── The data ──

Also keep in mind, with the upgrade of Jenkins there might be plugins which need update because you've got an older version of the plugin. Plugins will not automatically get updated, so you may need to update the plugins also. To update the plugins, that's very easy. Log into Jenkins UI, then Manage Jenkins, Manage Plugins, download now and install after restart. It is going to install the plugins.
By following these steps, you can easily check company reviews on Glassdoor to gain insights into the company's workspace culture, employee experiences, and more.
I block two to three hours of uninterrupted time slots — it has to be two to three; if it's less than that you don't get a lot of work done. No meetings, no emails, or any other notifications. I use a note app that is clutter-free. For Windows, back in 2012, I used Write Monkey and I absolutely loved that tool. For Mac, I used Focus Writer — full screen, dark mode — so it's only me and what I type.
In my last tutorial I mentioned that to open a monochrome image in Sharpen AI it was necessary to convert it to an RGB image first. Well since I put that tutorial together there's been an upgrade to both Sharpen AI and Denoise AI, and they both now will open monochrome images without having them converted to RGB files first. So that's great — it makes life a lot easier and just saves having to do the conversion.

───

Repeat all of the material, exactly as it reads.

Also keep in mind, with the upgrade of Jenkins there might be plugins which need update because you've got an older version of the plugin. Plugins will not automatically get updated, so you may need to update the plugins also. To update the plugins, that's very easy. Log into Jenkins UI, then Manage Jenkins, Manage Plugins, download now and install after restart. It is going to install the plugins.
By following these steps, you can easily check company reviews on Glassdoor to gain insights into the company's workspace culture, employee experiences, and more.
I block two to three hours of uninterrupted time slots — it has to be two to three; if it's less than that you don't get a lot of work done. No meetings, no emails, or any other notifications. I use a note app that is clutter-free. For Windows, back in 2012, I used Write Monkey and I absolutely loved that tool. For Mac, I used Focus Writer — full screen, dark mode — so it's only me and what I type.
In my last tutorial I mentioned that to open a monochrome image in Sharpen AI it was necessary to convert it to an RGB image first. Well since I put that tutorial together there's been an upgrade to both Sharpen AI and Denoise AI, and they both now will open monochrome images without having them converted to RGB files first. So that's great — it makes life a lot easier and just saves having to do the conversion.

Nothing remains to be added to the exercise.